Corrigidos progressivamente alguns desses absurdos de ter uma Assembleia Legislativa destinada a desaparecer por razões biológicas, ao longo dos últimos trinta anos, a política de Taiwan te-se caracterizado por um equilíbrio precário entre o Kuomintang (KMT - o Partido derrotado pelos comunistas na Guerra Civil) que, esquecidas as ambições irrealistas de reconquistar o continente, pretende vincar os laços que ainda unem a ilha ao continente, muito embora se ponha o problema das divergências com Pequim sobre a forma como isso poderá ser feito, e, por outro lado, os independentistas.

Se a pretensão do KMT, que o regime sedeado em Taiwan representa também a China era um incómodo para Pequim, então a nova pretensão dos independentistas do Partido Democrático Progressista (PDP) que Taiwan não faz parte da China, incomoda muito mais... Ao contrário de muitos outros conflitos de nacionalidades e separatismos, neste não se põe qualquer problema quanto à viabilidade económica do futuro país…

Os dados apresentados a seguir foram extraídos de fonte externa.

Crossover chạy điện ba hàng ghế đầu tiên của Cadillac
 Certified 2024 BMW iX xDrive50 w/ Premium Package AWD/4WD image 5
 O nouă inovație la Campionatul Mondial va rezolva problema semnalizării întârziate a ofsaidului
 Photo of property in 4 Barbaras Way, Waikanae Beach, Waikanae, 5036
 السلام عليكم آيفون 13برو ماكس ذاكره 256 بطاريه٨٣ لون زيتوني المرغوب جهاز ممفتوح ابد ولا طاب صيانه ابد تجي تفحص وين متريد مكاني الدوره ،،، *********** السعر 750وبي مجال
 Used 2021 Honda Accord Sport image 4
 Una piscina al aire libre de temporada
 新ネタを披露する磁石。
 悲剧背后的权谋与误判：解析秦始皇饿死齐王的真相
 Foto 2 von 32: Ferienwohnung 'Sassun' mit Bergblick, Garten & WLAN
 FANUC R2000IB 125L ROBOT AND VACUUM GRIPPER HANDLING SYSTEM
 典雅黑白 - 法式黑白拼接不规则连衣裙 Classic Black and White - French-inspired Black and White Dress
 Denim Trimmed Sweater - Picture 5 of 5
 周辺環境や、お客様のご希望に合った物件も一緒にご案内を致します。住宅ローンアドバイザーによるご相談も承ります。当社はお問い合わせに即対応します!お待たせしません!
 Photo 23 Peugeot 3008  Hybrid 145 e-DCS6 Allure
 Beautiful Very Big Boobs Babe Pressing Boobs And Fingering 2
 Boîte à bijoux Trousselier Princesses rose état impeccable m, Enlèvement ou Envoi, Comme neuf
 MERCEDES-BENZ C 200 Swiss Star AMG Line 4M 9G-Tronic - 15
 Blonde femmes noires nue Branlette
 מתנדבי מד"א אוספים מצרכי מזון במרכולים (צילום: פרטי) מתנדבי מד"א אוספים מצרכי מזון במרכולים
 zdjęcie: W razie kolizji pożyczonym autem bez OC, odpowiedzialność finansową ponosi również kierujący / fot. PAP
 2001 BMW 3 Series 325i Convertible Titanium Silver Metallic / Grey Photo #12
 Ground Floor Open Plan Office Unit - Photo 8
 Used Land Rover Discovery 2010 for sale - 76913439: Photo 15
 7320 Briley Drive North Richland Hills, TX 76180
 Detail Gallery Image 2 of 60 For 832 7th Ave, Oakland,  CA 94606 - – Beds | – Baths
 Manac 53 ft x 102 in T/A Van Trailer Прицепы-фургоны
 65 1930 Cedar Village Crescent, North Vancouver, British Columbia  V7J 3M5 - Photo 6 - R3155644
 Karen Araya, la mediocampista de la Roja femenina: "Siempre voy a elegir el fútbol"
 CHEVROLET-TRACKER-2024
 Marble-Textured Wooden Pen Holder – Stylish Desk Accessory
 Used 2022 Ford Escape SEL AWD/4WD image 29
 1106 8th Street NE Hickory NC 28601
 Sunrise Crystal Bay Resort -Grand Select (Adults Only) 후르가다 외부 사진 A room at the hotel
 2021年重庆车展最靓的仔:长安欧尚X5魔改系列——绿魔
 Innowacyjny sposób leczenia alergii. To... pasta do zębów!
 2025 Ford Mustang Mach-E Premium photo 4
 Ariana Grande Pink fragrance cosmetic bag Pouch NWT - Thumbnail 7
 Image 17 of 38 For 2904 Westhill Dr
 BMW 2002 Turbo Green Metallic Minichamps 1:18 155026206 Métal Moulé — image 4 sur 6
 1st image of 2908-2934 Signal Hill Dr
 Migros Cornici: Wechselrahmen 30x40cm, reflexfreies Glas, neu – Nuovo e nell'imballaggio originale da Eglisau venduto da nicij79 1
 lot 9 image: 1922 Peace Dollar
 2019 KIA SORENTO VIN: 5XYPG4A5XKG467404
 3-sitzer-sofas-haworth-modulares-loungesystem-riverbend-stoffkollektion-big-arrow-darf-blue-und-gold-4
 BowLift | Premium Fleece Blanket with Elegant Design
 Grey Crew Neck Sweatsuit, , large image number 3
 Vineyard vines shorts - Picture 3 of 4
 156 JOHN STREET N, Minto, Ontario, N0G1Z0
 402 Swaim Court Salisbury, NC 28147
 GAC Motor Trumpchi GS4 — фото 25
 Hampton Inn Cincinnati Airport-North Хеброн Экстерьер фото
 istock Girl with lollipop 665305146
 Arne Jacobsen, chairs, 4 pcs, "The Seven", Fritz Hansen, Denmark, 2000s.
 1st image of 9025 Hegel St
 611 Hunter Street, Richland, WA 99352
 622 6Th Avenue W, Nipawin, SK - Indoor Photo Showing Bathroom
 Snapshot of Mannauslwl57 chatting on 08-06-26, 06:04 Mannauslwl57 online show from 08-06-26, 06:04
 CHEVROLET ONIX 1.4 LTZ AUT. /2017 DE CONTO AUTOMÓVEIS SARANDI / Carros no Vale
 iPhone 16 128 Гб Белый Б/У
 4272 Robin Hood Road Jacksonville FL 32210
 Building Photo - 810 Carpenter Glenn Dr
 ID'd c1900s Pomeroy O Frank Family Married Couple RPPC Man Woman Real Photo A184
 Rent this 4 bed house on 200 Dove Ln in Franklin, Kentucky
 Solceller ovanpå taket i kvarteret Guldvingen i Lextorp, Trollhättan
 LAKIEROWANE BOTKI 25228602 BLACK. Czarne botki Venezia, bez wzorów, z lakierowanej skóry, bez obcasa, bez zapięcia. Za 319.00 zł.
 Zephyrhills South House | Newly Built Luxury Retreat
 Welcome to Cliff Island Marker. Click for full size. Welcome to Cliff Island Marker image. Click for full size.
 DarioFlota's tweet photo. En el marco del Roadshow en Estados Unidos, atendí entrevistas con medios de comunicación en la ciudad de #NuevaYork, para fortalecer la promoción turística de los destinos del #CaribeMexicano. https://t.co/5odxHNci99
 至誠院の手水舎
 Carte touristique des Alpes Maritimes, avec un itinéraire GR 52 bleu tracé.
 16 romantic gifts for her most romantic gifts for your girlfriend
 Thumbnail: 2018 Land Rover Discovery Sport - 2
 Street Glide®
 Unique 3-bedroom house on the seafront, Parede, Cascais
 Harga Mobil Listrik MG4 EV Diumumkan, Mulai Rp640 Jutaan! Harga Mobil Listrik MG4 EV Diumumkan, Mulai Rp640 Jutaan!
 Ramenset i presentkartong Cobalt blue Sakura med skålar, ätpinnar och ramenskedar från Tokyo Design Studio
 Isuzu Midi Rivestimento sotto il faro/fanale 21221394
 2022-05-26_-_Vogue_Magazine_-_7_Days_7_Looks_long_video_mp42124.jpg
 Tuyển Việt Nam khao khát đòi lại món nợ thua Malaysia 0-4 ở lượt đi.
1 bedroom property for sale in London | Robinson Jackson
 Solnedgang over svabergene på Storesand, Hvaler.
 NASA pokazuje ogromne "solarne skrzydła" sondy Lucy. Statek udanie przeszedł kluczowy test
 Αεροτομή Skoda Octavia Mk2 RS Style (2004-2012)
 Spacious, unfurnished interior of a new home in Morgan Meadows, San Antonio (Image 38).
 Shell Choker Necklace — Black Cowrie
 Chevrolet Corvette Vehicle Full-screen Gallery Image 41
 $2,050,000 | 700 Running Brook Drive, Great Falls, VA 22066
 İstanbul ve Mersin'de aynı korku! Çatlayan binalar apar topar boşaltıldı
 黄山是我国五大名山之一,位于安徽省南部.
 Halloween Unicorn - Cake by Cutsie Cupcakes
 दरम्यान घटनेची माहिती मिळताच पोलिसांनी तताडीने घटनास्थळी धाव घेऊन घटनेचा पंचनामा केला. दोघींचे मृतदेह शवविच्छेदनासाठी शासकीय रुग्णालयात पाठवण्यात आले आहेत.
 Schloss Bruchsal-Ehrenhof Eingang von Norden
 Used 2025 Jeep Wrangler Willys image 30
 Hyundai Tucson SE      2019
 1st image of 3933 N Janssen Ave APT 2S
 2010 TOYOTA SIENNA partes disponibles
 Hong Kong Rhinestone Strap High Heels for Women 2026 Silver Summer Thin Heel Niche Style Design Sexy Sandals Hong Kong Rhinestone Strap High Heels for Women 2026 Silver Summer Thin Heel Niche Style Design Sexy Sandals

Pelo contrário, para as duas províncias costeiras no Sul da China, Fujian e Guangdong (Cantão), que desde a abertura económica chinesa são o destino tradicional dos capitais investidos no estrangeiro por Taiwan, e que historicamente nunca foram muito fiéis ao poder imperial emanado do Norte, a existência de uma outra nação chinesa** independente, em frente às suas costas, como seria o caso de Taiwan, nessa eventualidade, seria um estímulo e um problema que Pequim prefere que nem exista…

*A expansão marítima dos malaios fê-los atravessar o Oceano Índico chegar à ilha de Madagáscar em África.
** Já existe Singapura. Não é muito referido, mas mais de ¾ da sua população é de ascendência chinesa.